Re: linux-kernel-digest V1 #4524

Peter Miller (peterm@jna.com.au)
Tue, 28 Sep 1999 13:45:03 +0000


Larry McVoy writes
> On Tue, Sep 28, 1999 at 09:41:11AM +0000, Peter Miller wrote:
> > Please note that Aegis models the change lifecycle, it isn't just
> > a file babysitter. It sets out to do a LOT more than simple
> > file versioning.
>
> That's nice. Are you implying that everyone else is just doing RCS?

No, I'm saying there is more to the change lifecycle than the
checkout at the beginning and the commit at the end. Much more.

> BK certainly does more than that, you get full changesets, complete
> reproducability in a distributed environment, etc. So what's your
> point?

Software is more than the mere aggregation of the source files.
What about: the software is supposed to *do* something. What about
input validation? (Does it build, does it test OK kinda stuff.)
What about peer review?

> > instead of hammering on it
> > directly, you work in a change set.
>
> What if I don't want to do that?

NO ONE works directly with their system. Who in their right mind
edits the *,v or s.* files directly? We all work through the agency
of a change lifecycle of some sort. Aegis just makes it visable.

> > > . undo - including things you don't do but incorporated
> >
> > Aegis doesn't have uncomditional commit/incorporate.
>
> Pity for it.

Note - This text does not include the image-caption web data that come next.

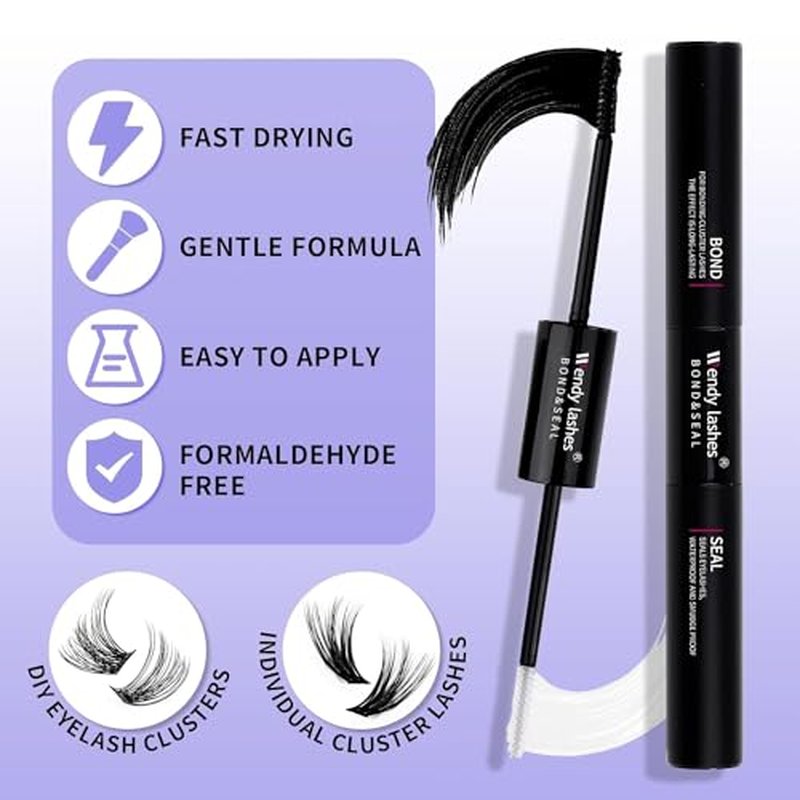 DIY lash Cluster Kit 60D+80D with 240 PCS C/D Curl 12-16mm Mixed,Individual Lashes Clusters Lash Band and Seal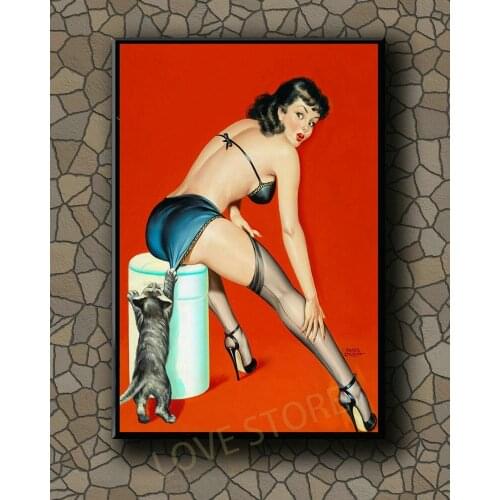 P456 Vintage Beautiful Pin-up Girl Classic Picture 602 Silk Fabric Poster Art Decor Indoor Painting Gift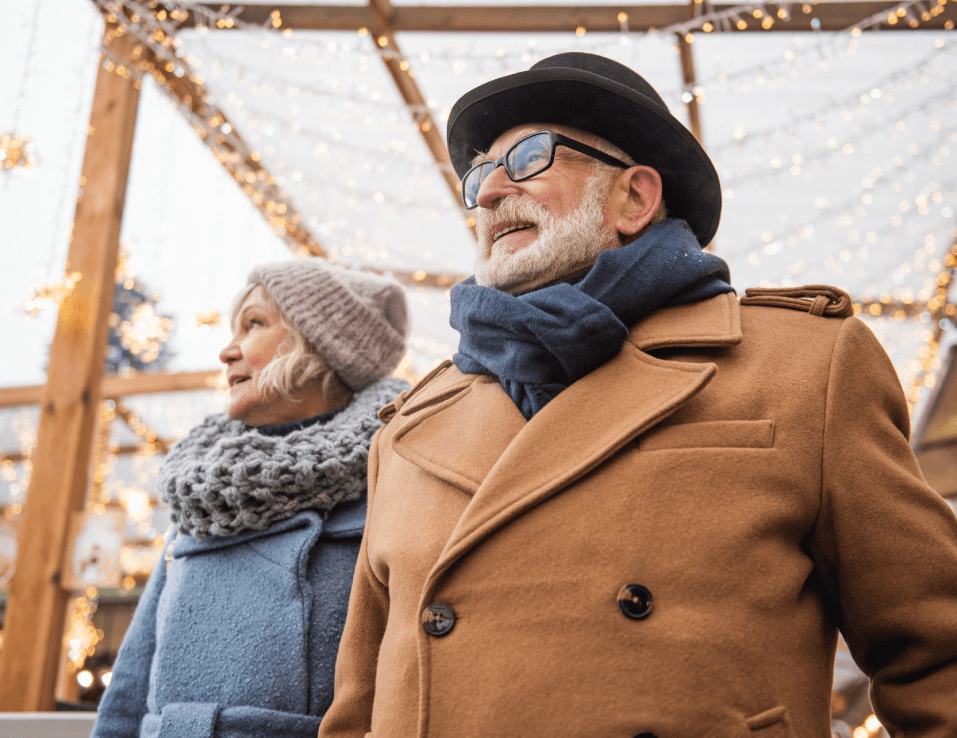 senior couple in winter clothing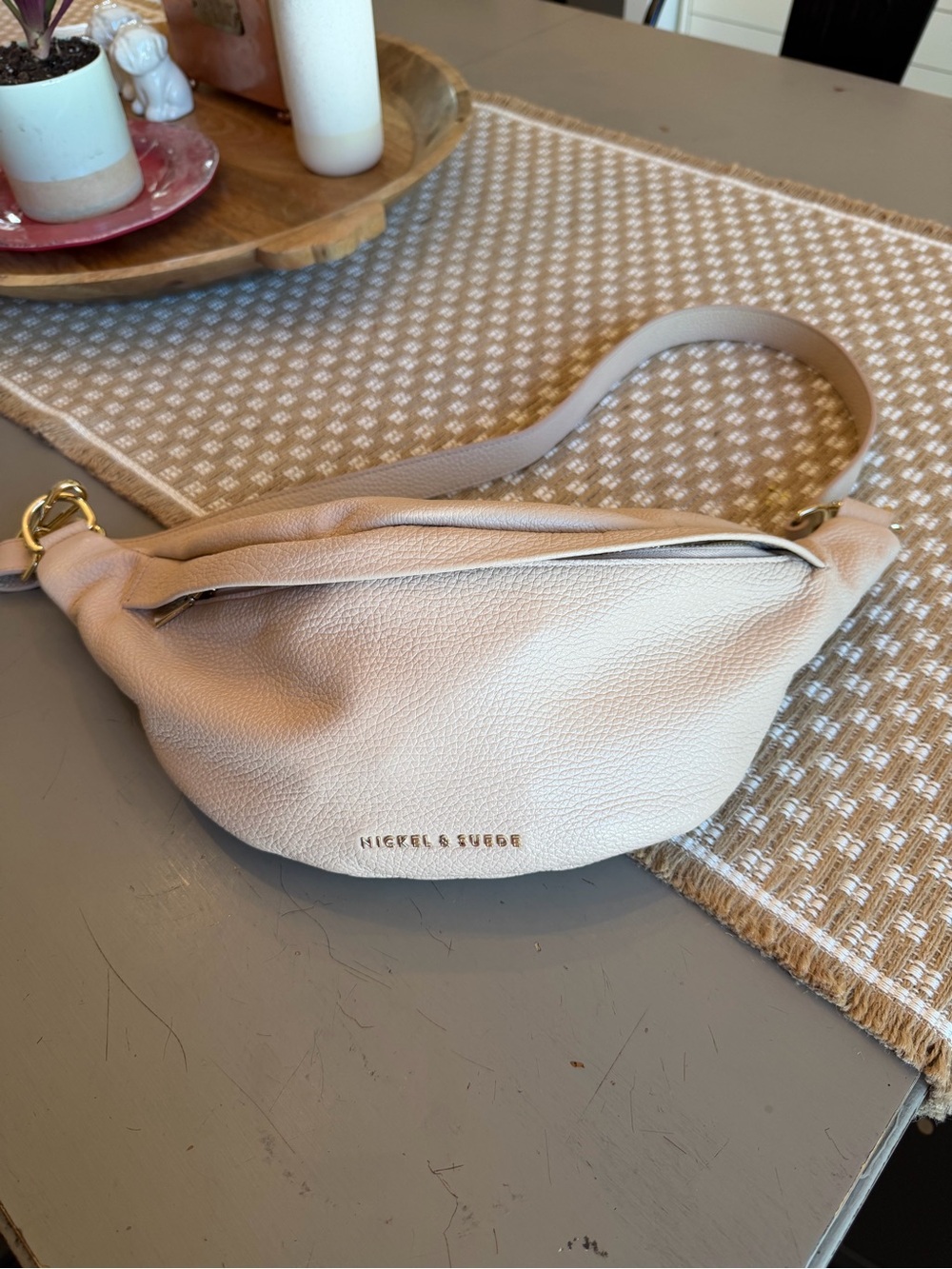 Nickel & Suede Verona Belt Bag - Leather Crossbody Belt Bag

BK does. BK is a strict superset of Aegis in this respect.
> With the difference being that we don't encode our policy into the
> mechanism.

Aegis is *only* policy. It's doesn't have any built-in history
tool, it delegates that minor (absolutely essential but minor)
portion of the lifecycle to the tool of your choice. It doesn't
have a built-in merge tool, build tool or test tool, either.

I think you'll find BK is a subset, not a superset.

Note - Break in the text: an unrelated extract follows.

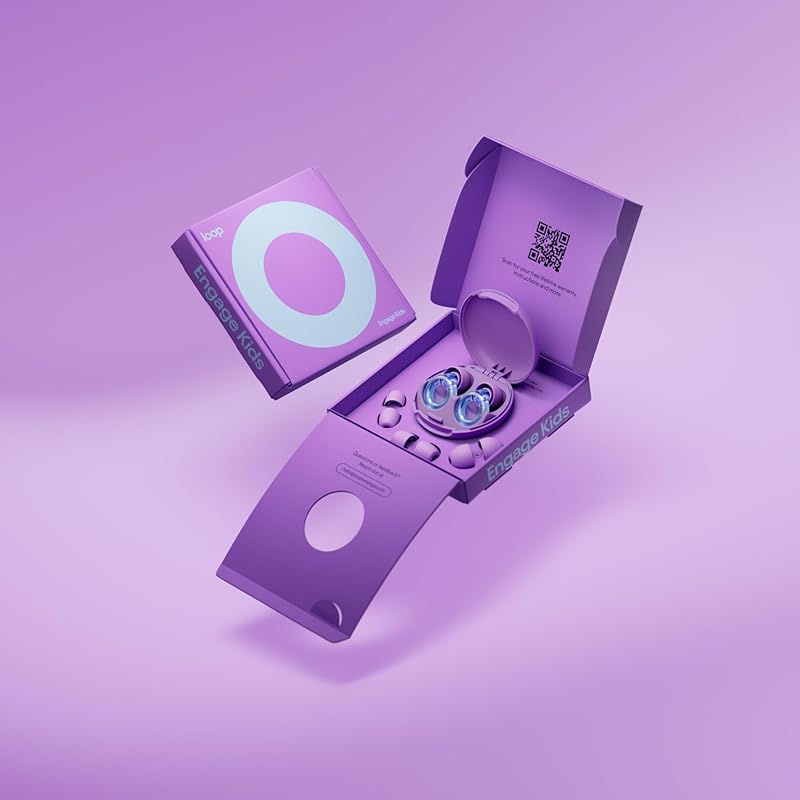 Loop Engage Kids 2 Earplugs for children (6 to 12 years old) – reusable earplugs for kids | Earplugs for kids to improve concentration, relieve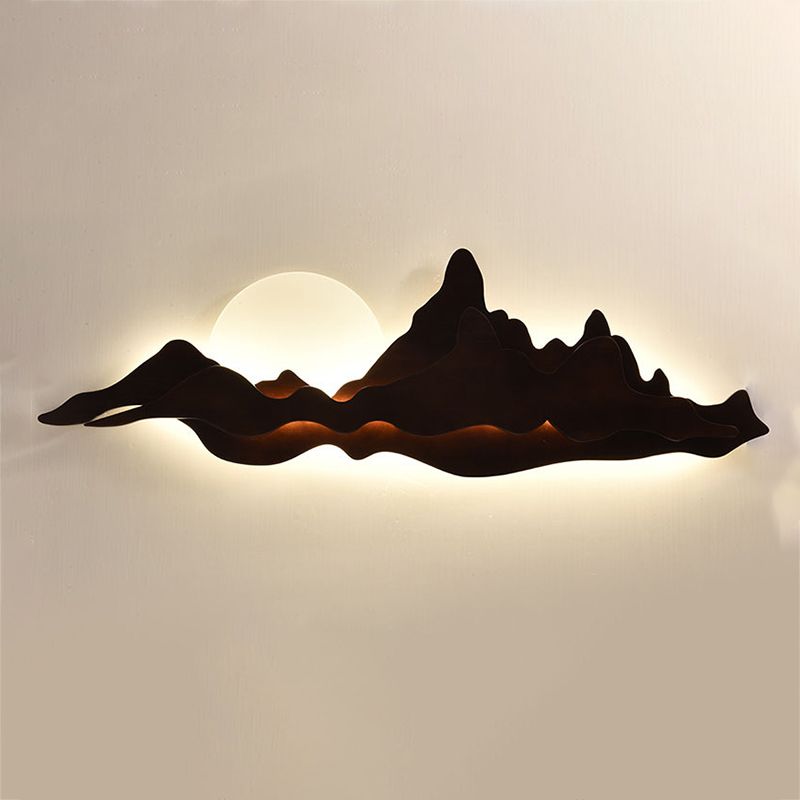 Cloud Shape Wooden Wall Sconce 1 Light Wall Mount Lamp with Acrylic Shade for Living Room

> Even though I happen to agree, in principle, with the policies
> which Aegis enforces, that doesn't mean that they are right.

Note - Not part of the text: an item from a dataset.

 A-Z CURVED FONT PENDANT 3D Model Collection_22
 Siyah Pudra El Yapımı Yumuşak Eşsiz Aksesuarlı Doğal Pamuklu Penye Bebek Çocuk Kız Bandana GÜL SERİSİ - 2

Everyone is *always* free to roll their own. But, because they are
not SCM experts, they will more than likely come up with an inferior
solution. (To a very OLD problem I might add. Why do we insist
on re-inventing this particular wheel?) Aegis provides a well-thought-out
flexible shown-to-work set of policies. Not the only policies,
but good ones.

> sticking your methodology in my face.

Aegis can do nothing else, that's all it is.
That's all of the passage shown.